Darren Rovell has reported the news that Marlins Man (Laurence Leavy) is becoming a free agent and will no longer be a season ticket holder of the Miami Marlins.
Leavy presented the Marlins with an offer, as well as signed checks that they could cash, on Dec. 27, as first reported this week by local Florida radio personality Andy Slater. Leavy’s offer was $200,000 for three years of four Diamond Club seats behind home plate, figuring a 10 percent discount for the Marlins’ lack of stars and a 10 percent discount for paying everything up front. Leavy said he paid $250 per ticket per game last year for his best seats. The Marlins came back asking for $260 for those seats over three years for what Leavy said was “a worse product with all the All-Stars gone.”
So, just so we are clear, the Marlins–who are fielding an objectively awful product and are projected to win 64.5 games this year–turned down $200,000 up front based on a $10,000 difference over that time. On the one hand, we have an attention-seeking fan who has become famous for wearing his Marlins gear at games all across the country. On the other hand, he wasn’t asking for free tickets on the basis of being Marlins Man, and we have one of the cheapest franchises in sport, which have apparently somehow become worse with new ownership.

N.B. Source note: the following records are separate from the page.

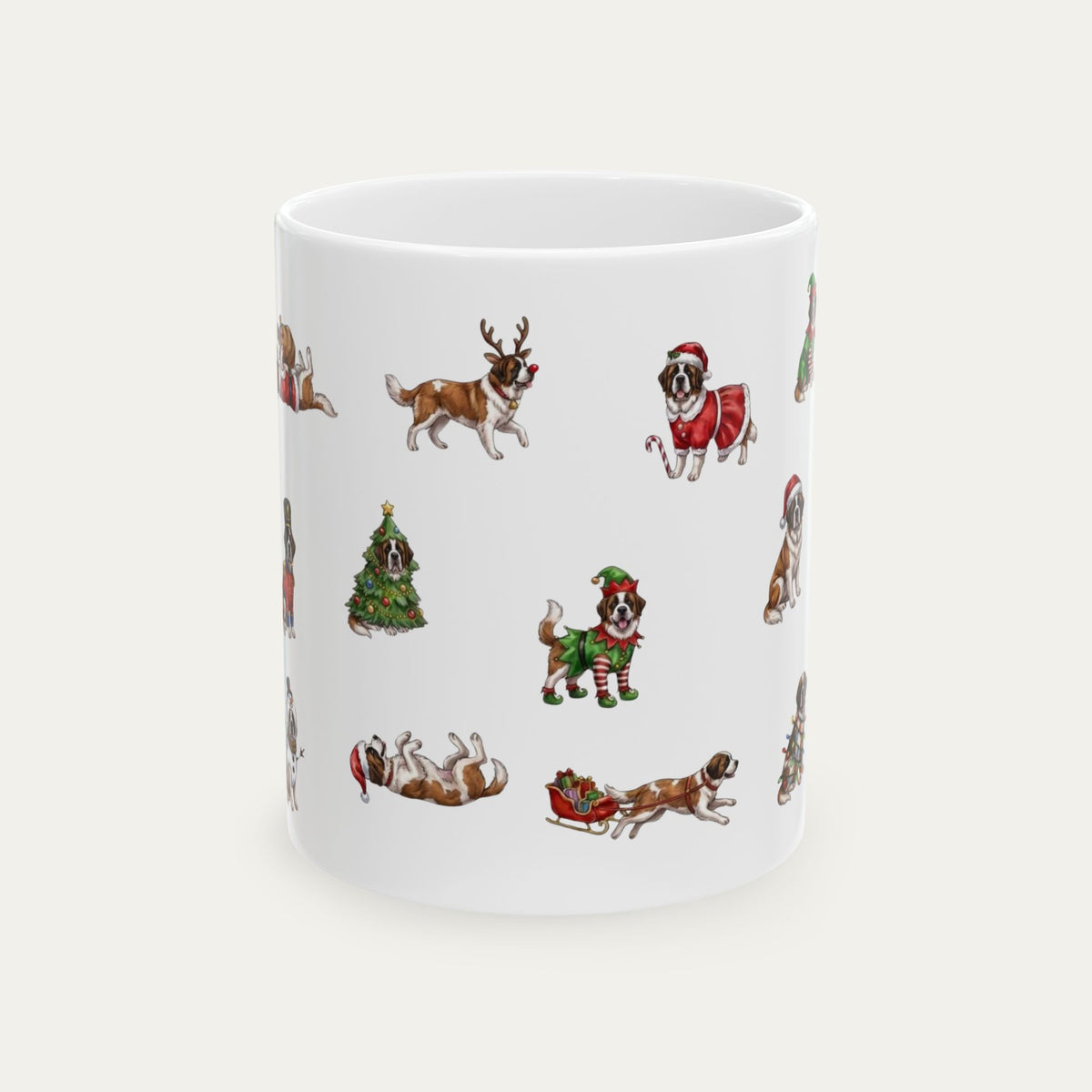 Saint Bernard Christmas Mug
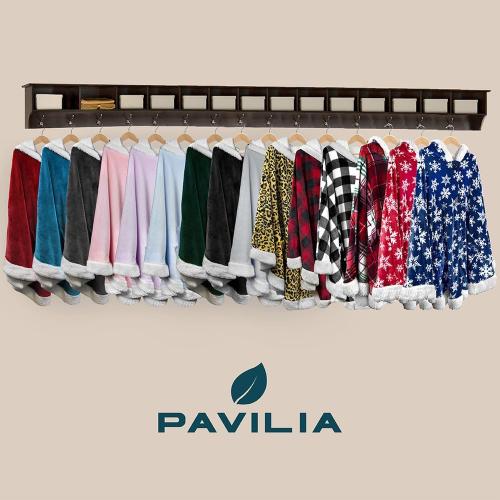 PAVILIA Sherpa Fleece Wearable Blanket for Adult Women, Cozy Plush Blanket Poncho Cape with Hood, Super Soft Shawl, Angel Wrap Throw for Office, Emerald Green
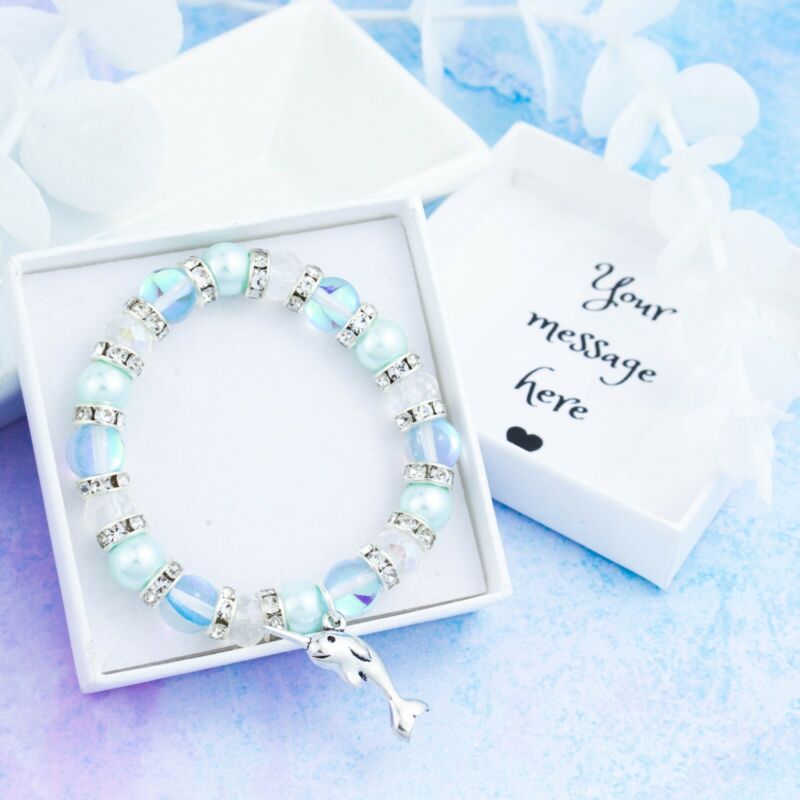 Narwhal Bracelet, Kid's Jewellery, Cute Ocean Charm Bracelet For Kids, Gift Box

According to Leavy, an earlier discussion with the Marlins was not productive: “They said that I did nothing for the team, I don’t promote the Marlins, nobody buys season tickets because of me, nobody buys advertising because of me, and they don’t care what I do.”
Jeter is one of the new owners and the public face–whether he likes it or not–of the current ownership in Miami. Leavy also dropped this shade on Jeter: “Derek Jeter is a Hall of Fame player and a virgin and inexperienced corporate owner and baseball manager of a team. I wish them luck and success, and I hope that they have a winning team in my lifetime.”
I hope he at least sends him a gift basket.